- [Listed records]:

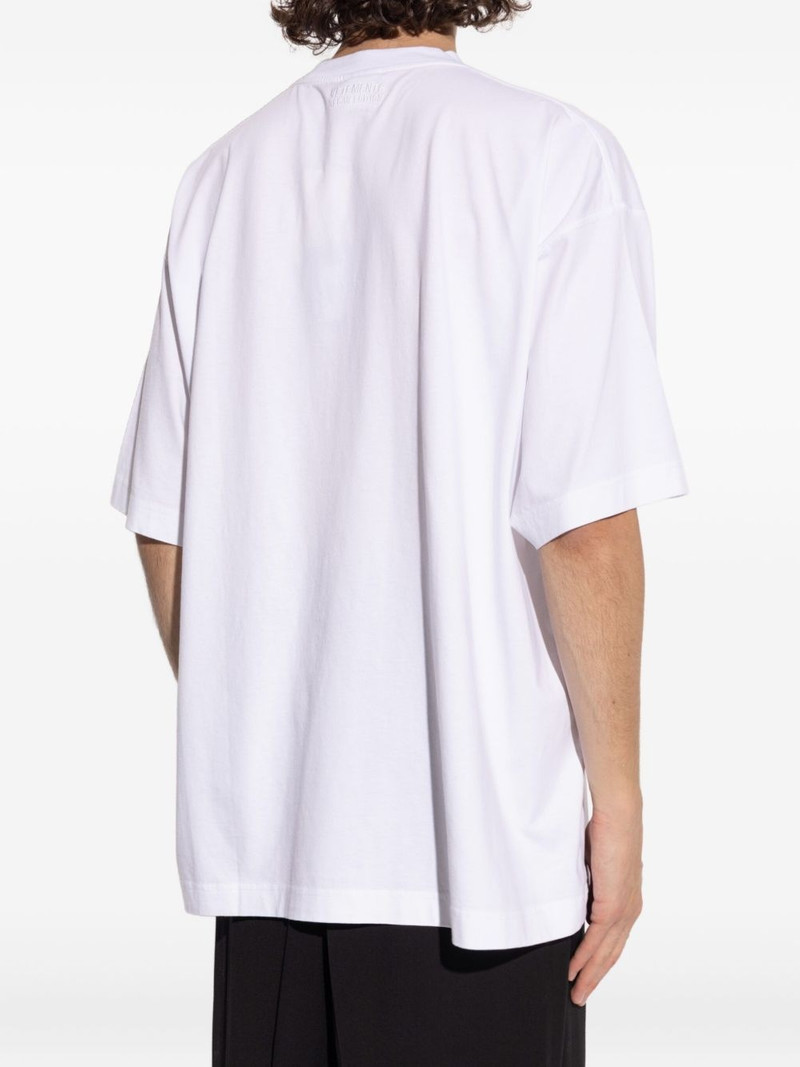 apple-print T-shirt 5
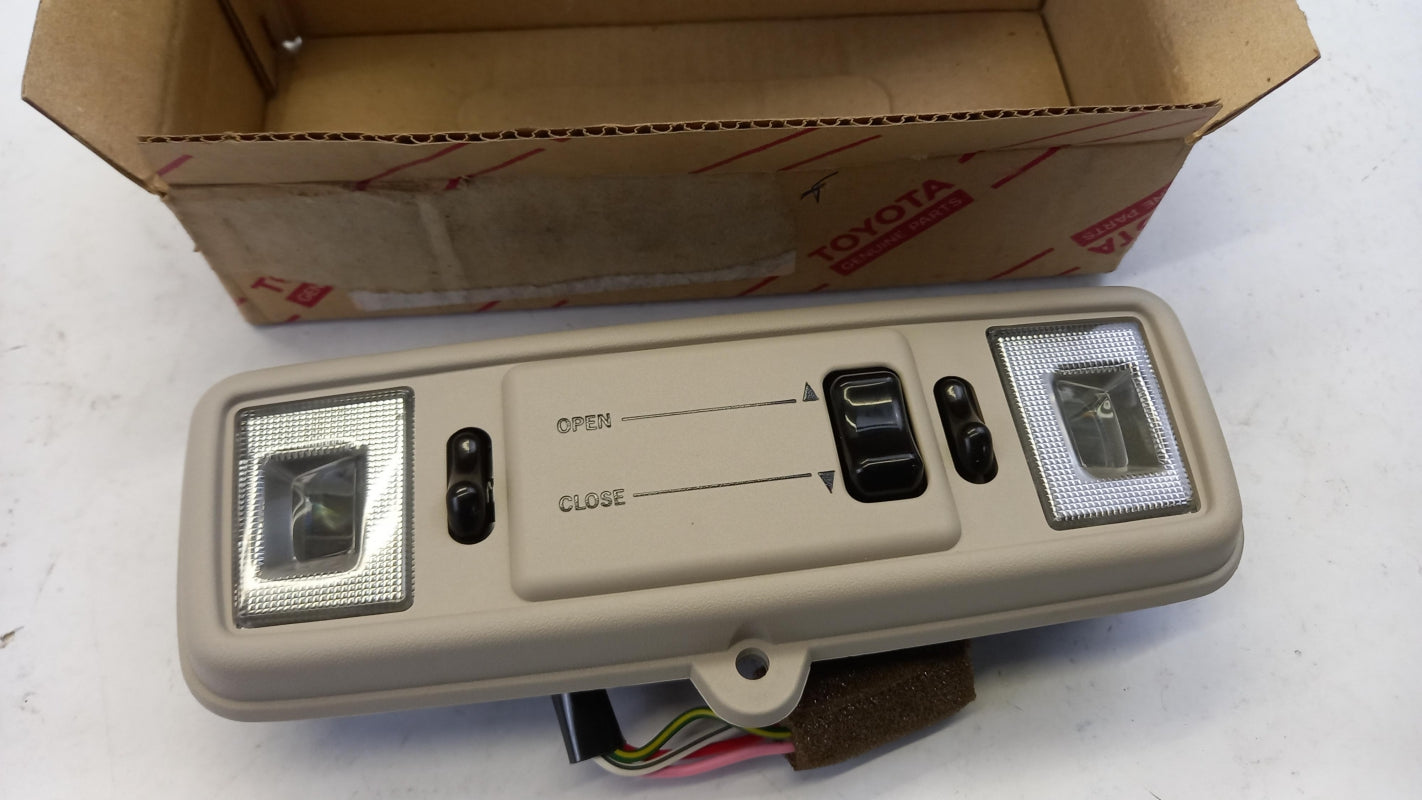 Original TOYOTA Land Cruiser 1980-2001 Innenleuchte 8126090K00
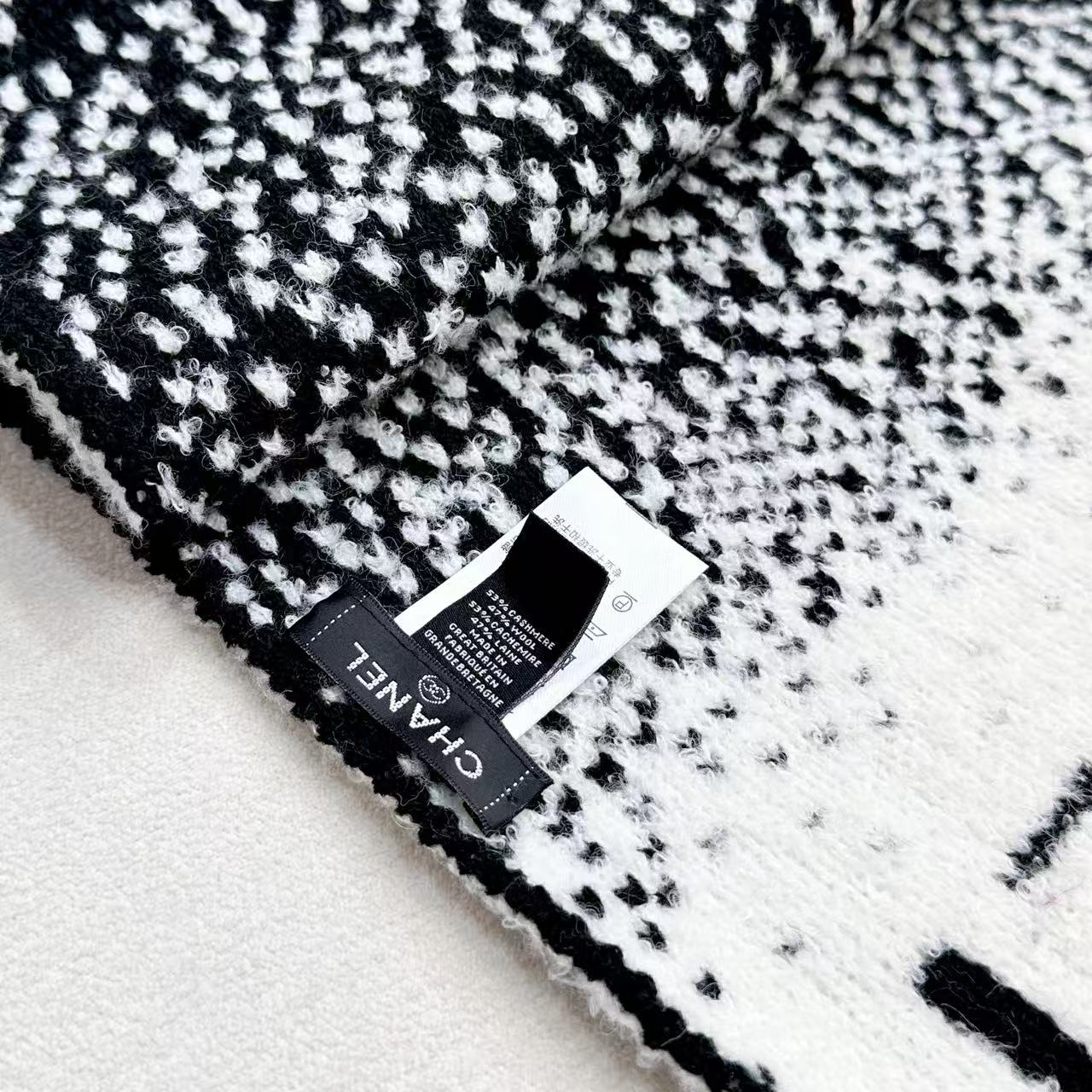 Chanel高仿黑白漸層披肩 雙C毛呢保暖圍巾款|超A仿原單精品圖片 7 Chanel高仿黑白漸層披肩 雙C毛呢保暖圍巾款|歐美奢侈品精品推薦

* * *

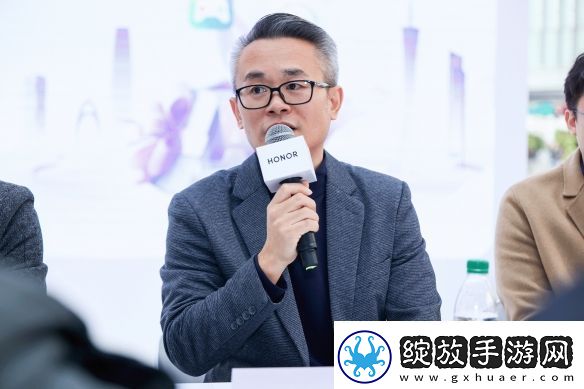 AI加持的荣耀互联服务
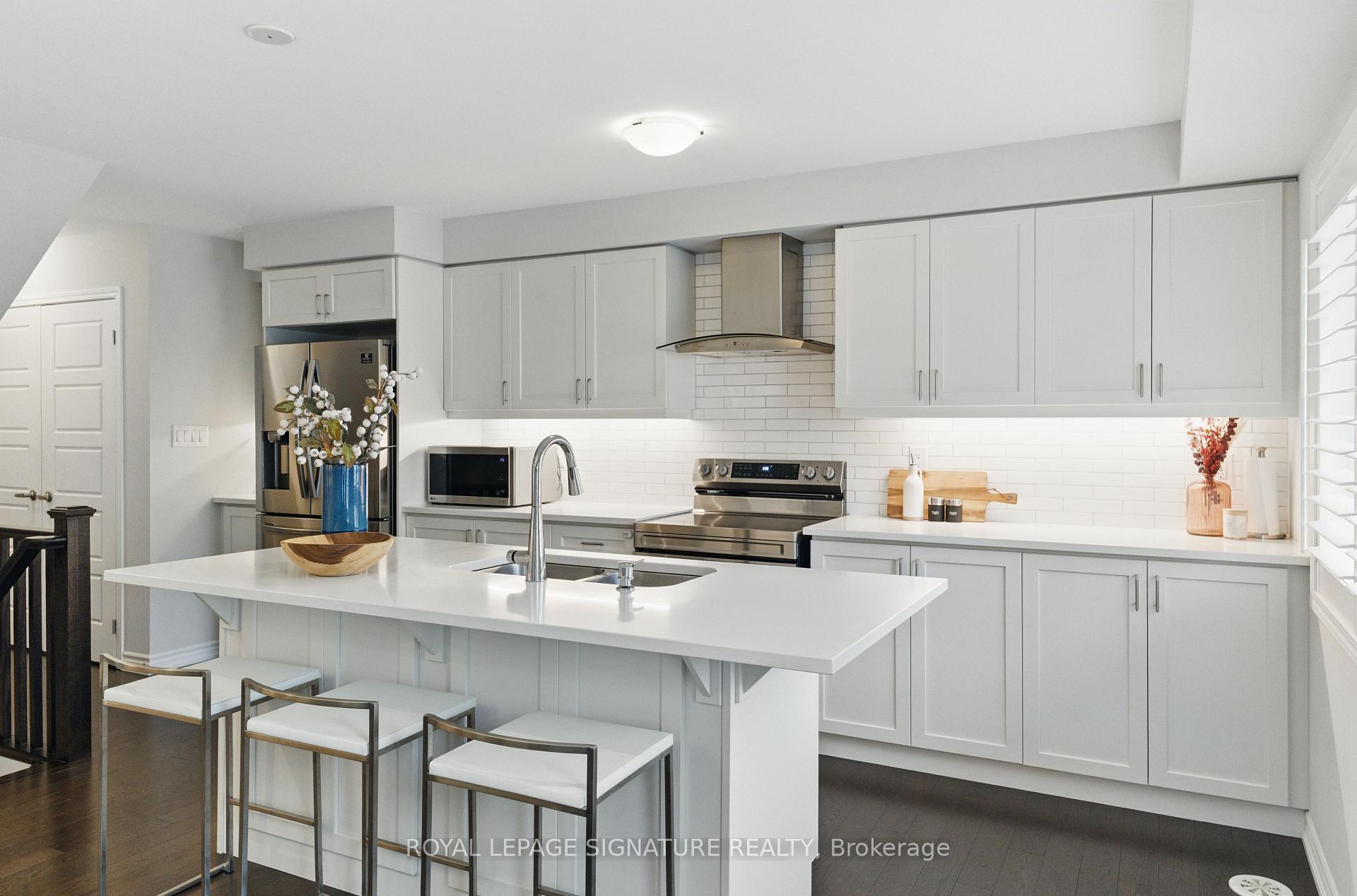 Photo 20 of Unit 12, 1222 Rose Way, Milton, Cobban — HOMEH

- [Problem statement]: What are the lines above from the one with "AI加持的荣耀互联服务" to the one with "Photo 20 of", both included? Reproduce them exactly, without pictures.

- [Written solution]:
 AI加持的荣耀互联服务
 Photo 20 of Unit 12, 1222 Rose Way, Milton, Cobban — HOMEH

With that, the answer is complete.